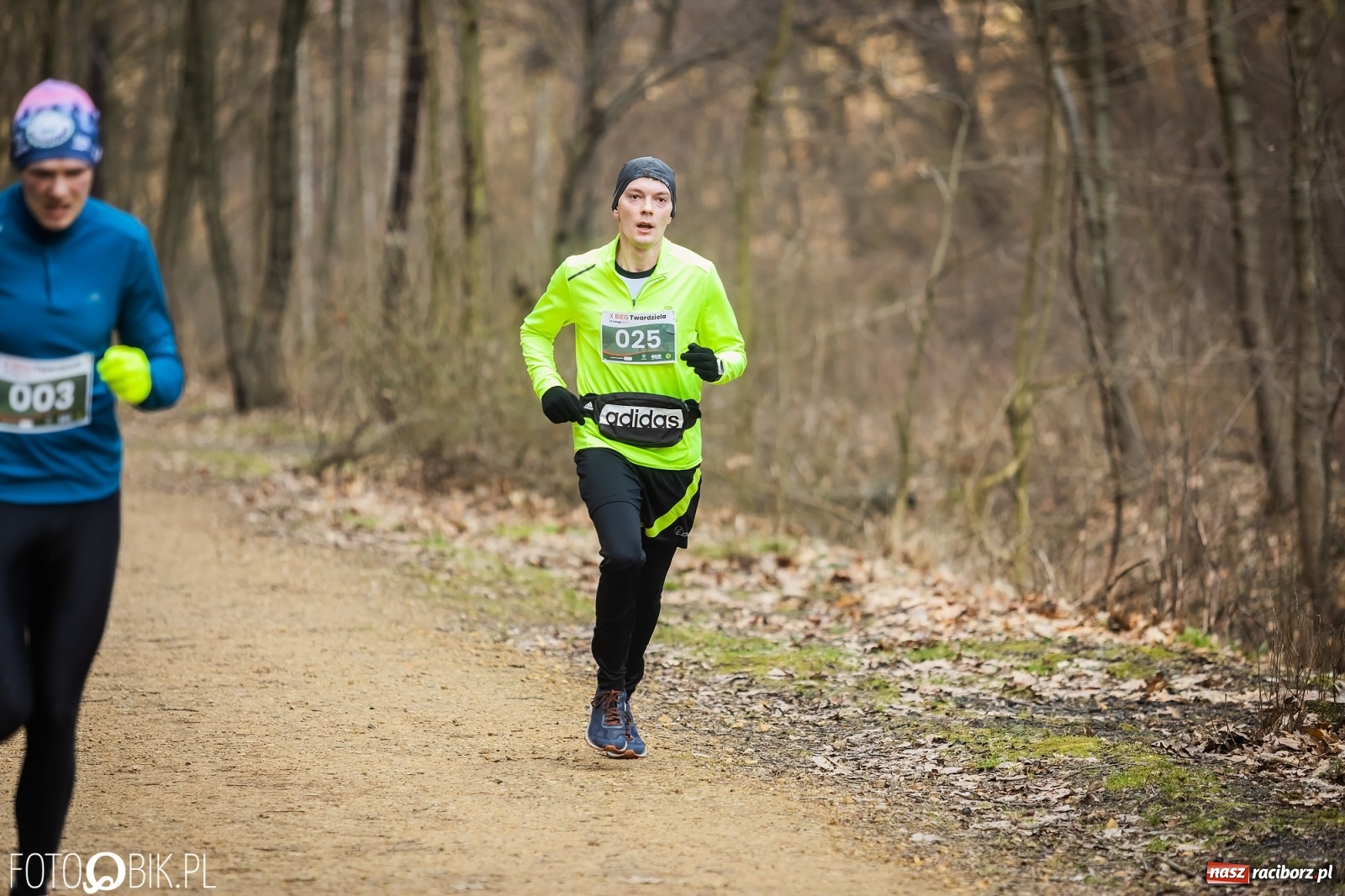 Zdjęcie w galerii na portalu naszraciborz.pl: X Bieg Twardziela. Roberto Dimiccoli i Michalina Janowska najlepsi [FOTO i WIDEO] wiadomości z regionu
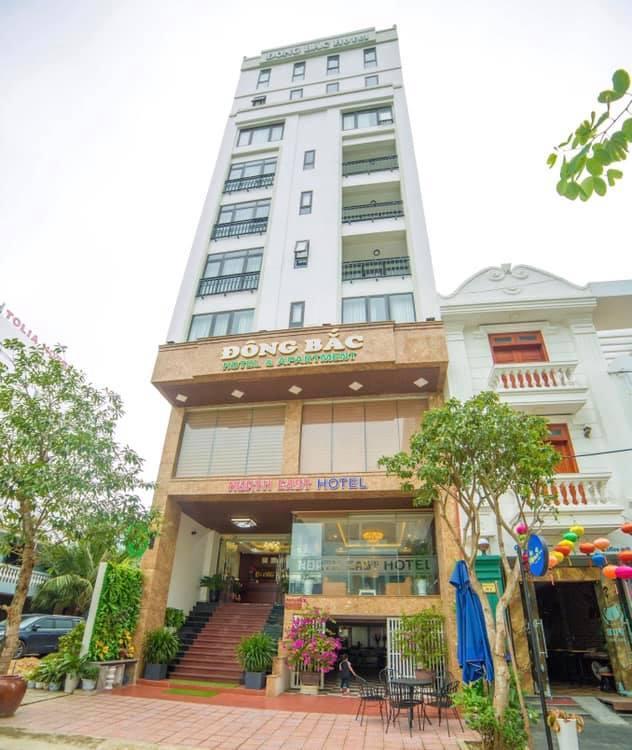 Ngoại cảnh khách sạn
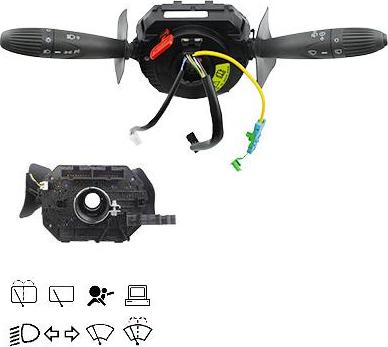 Hoffer 2103160 - Commutateur de colonne de direction droxauto.com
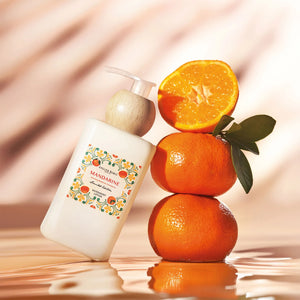 Loțiune pentru mâini și corp Mandarine - Ediție Limitată - 250ml - Loțiune de mâini și corp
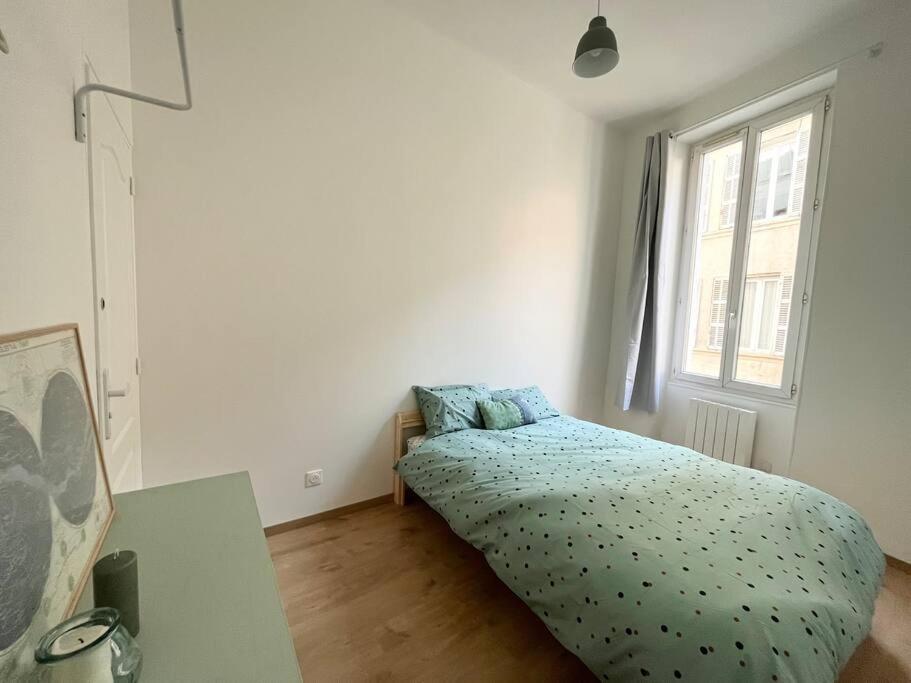 Pleasant 3-Bedroom Flat In The Center Of 마르세유 외부 사진
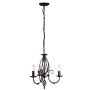 Elstead Lighting ARTISAN ART3-BLACK Люстра 3x60W/E14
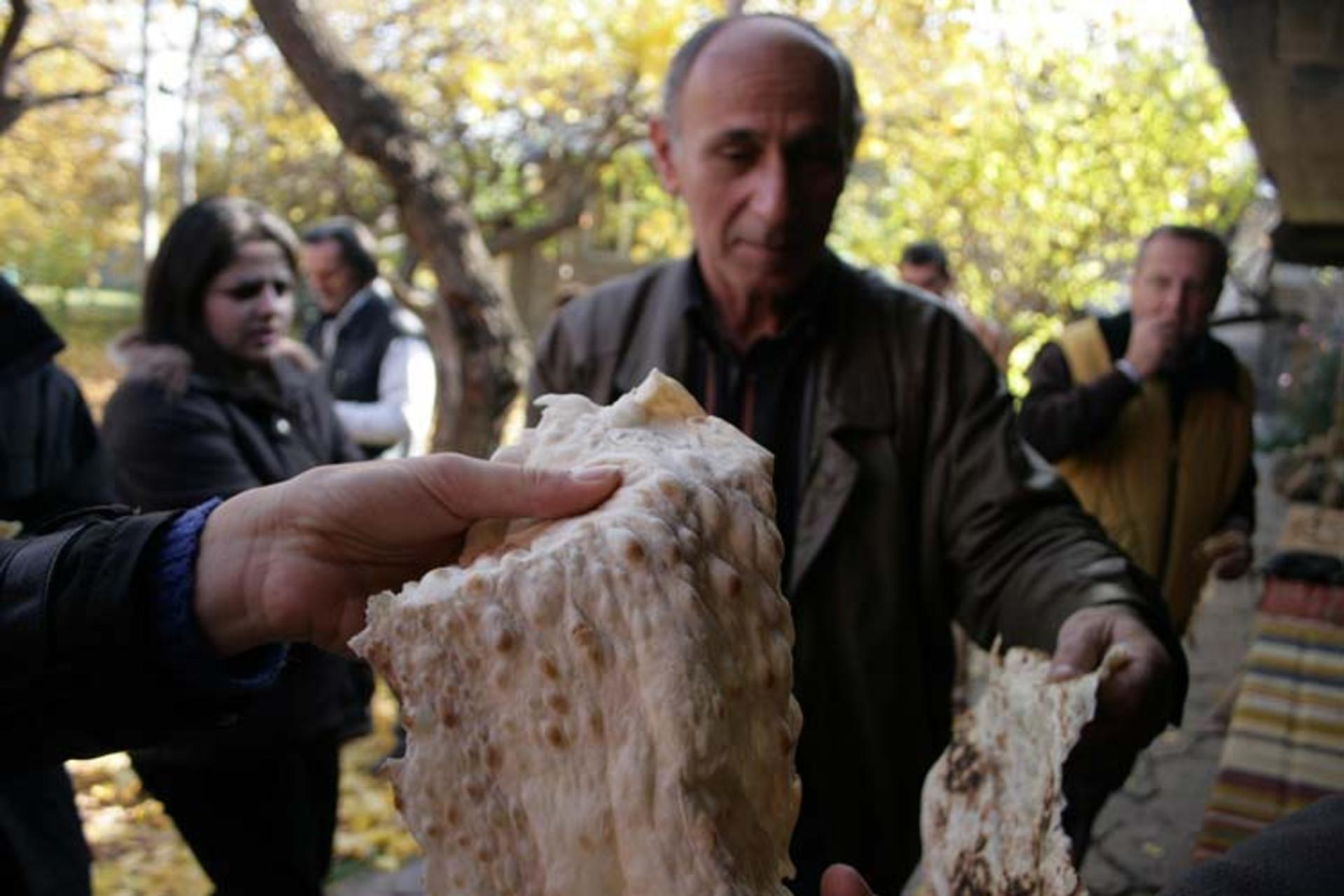 نان لواش ارمنی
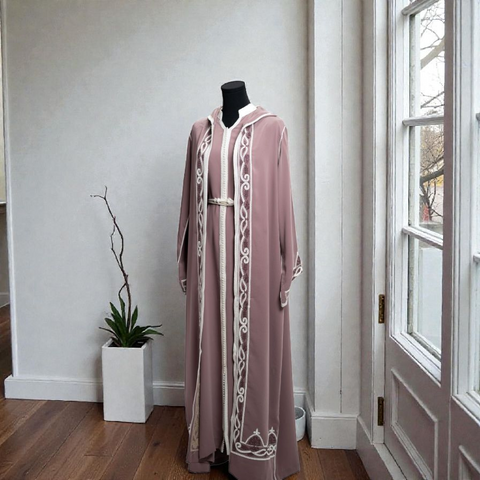 Quftan 2pcs with Hoddie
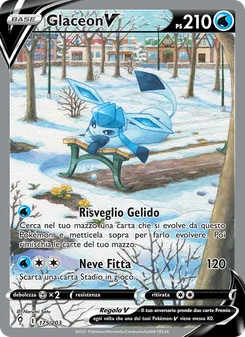Glaceon V (Evoluzioni Eteree #175/203)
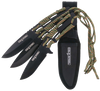 Cold Steel Throwing Knives, Cold Csth44kvd3pk Throwing Knives Dp   4.4     Blk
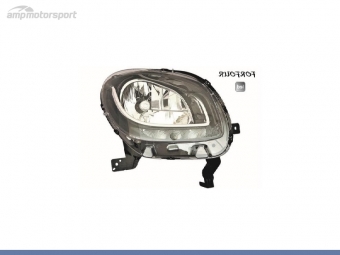 FAROL DIANTEIRO DIREITO PARA SMART FORTWO / FORFOUR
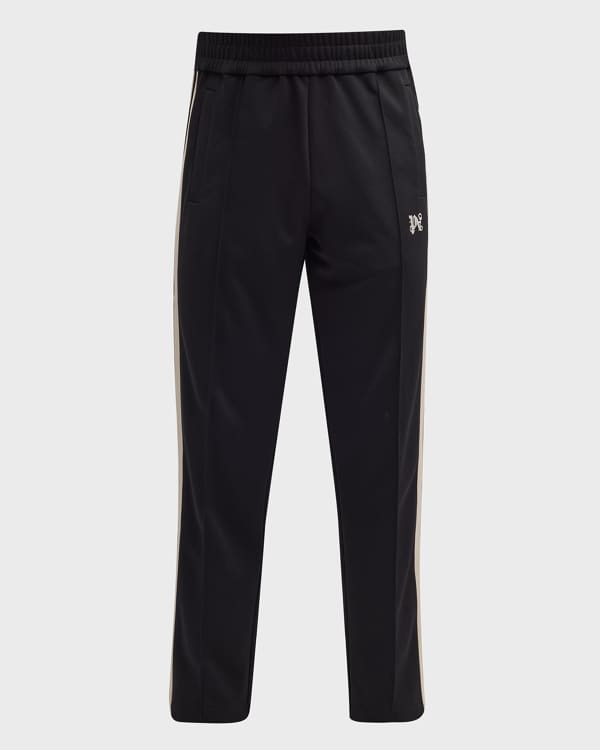 Twin Vector Colourblock Straight Track Pants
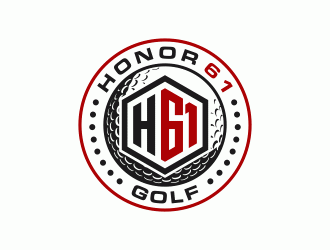 HONOR 61 logo design by SelaArt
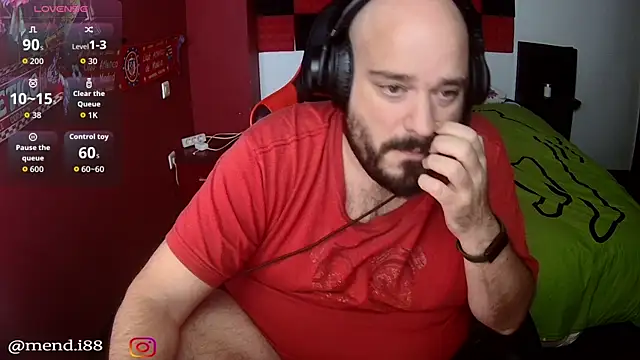 menditeta1 online show from 29, 11, 2025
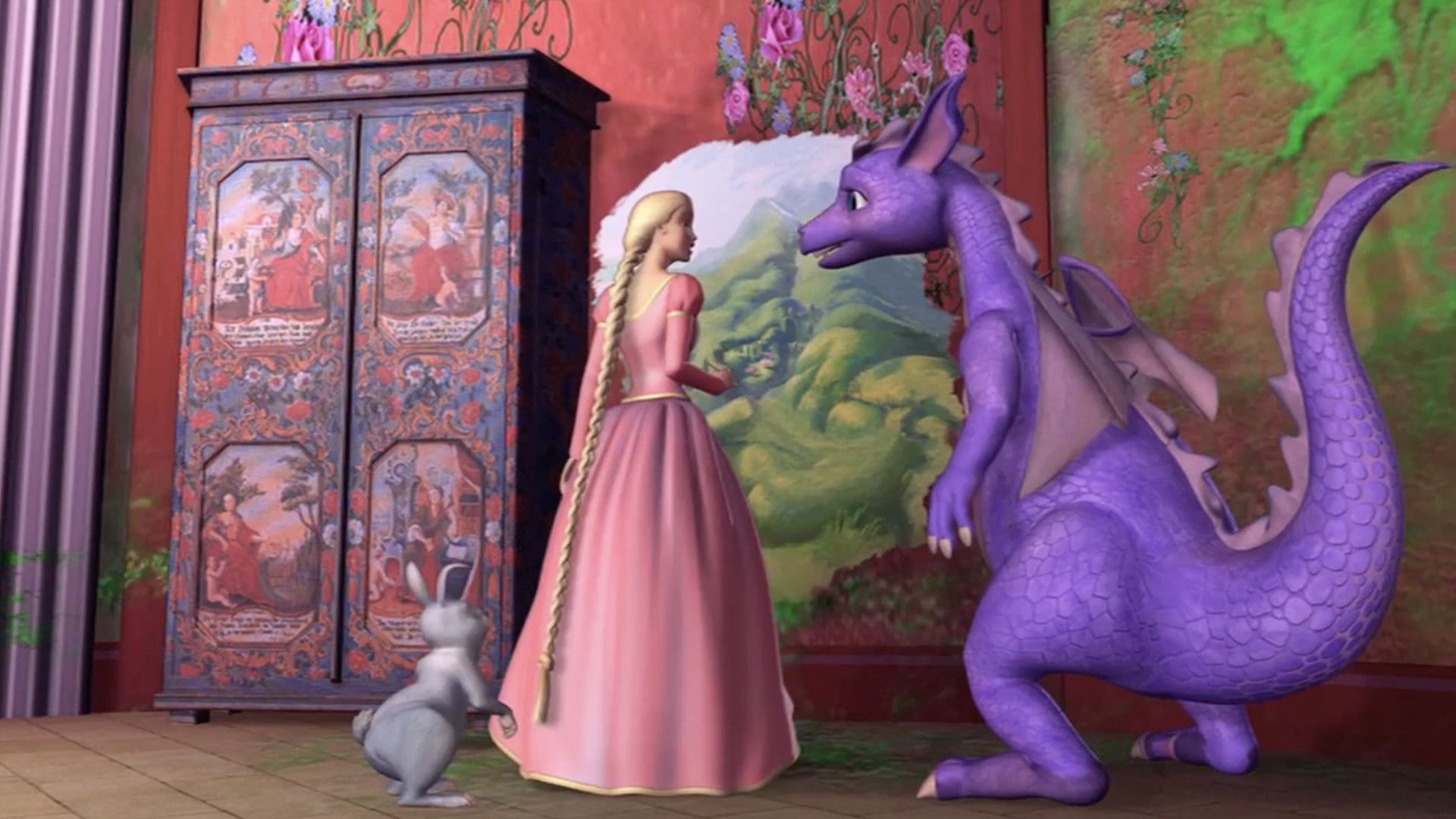 Foto do filme Barbie como Rapunzel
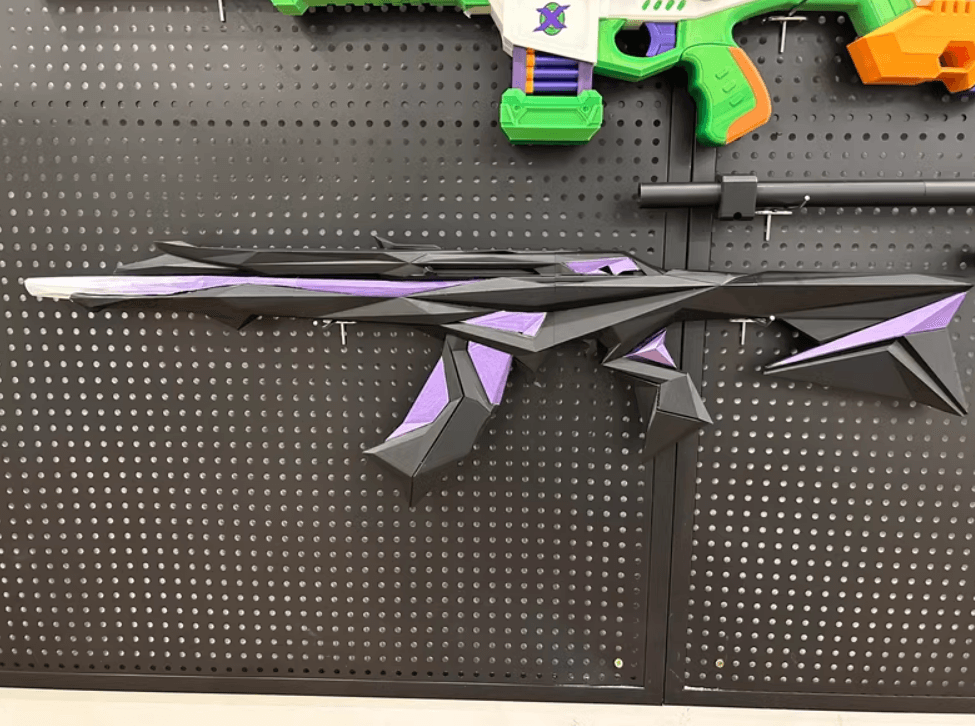 Singularity Vandal IRL l Valorant Vandal Skin Prop l High-Quality Collectorās Piece - The Night Market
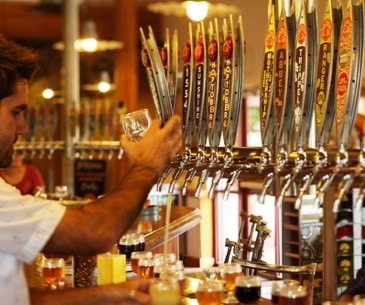 Image : Micro-brasseries de bières locales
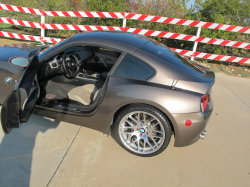 2007 BMW Z4 M Coupe in Sepang Bronze Metallic over Light Sepang Bronze Nappa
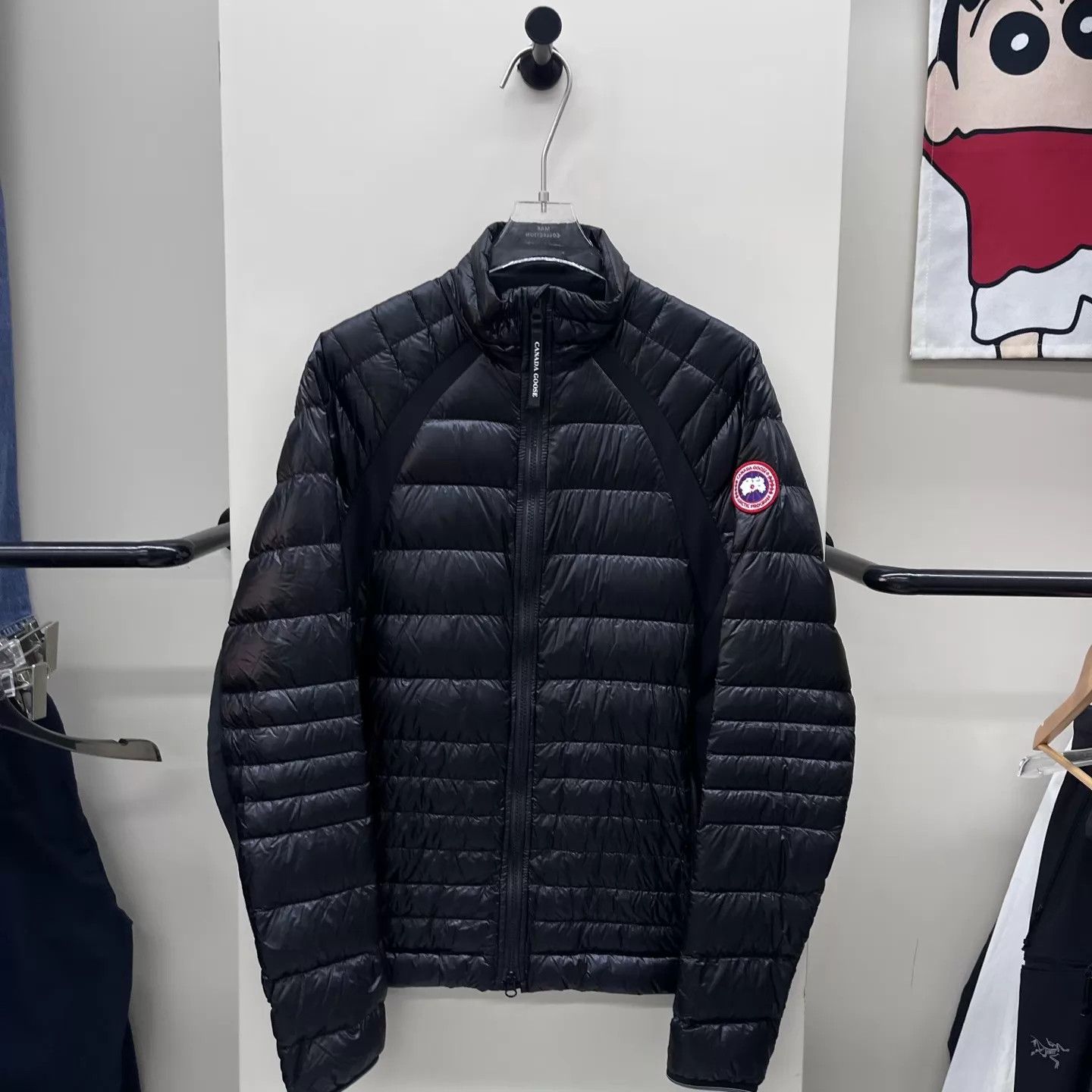 Canada Goose Canada Goose HyBridge Lite Shiny Down Jacket M Black Size US M / EU 48-50 / 2 - 2 Thumbnail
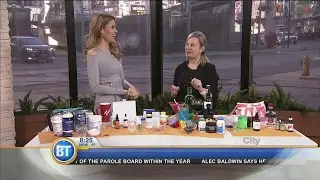 Packing an all natural first aid kit for vacation!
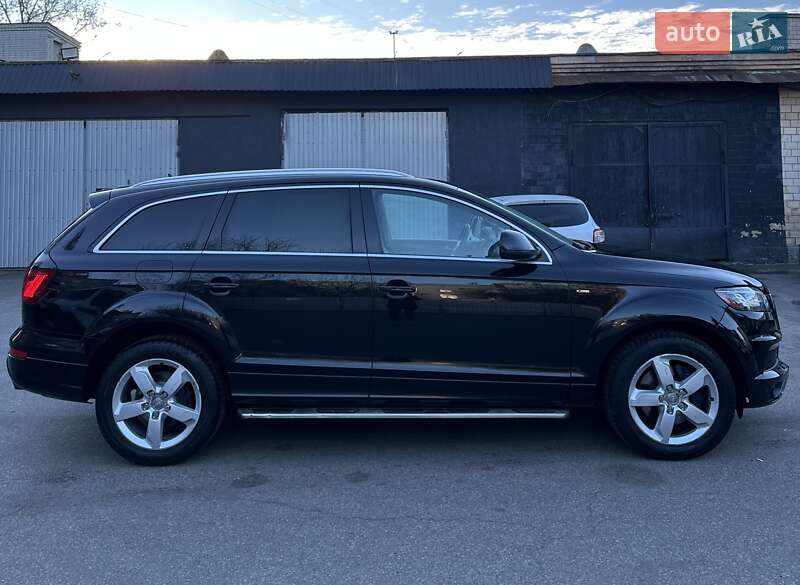 Внедорожник / Кроссовер Audi Q7 2014 в Чернигове фото 7 Внедорожник / Кроссовер Audi Q7 2014 в Чернигове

→ **EXERCISE BRIEF**: Beginning with the line holding "Foto do filme Barbie como Rapunzel", copy each line exactly through the end of the records above, and leave every picture out.

→ **SOLUTION FOR THIS PROBLEM**:
 Foto do filme Barbie como Rapunzel
 Singularity Vandal IRL l Valorant Vandal Skin Prop l High-Quality Collectorās Piece - The Night Market
 Image : Micro-brasseries de bières locales
 2007 BMW Z4 M Coupe in Sepang Bronze Metallic over Light Sepang Bronze Nappa
 Canada Goose Canada Goose HyBridge Lite Shiny Down Jacket M Black Size US M / EU 48-50 / 2 - 2 Thumbnail
 Packing an all natural first aid kit for vacation!
 Внедорожник / Кроссовер Audi Q7 2014 в Чернигове фото 7 Внедорожник / Кроссовер Audi Q7 2014 в Чернигове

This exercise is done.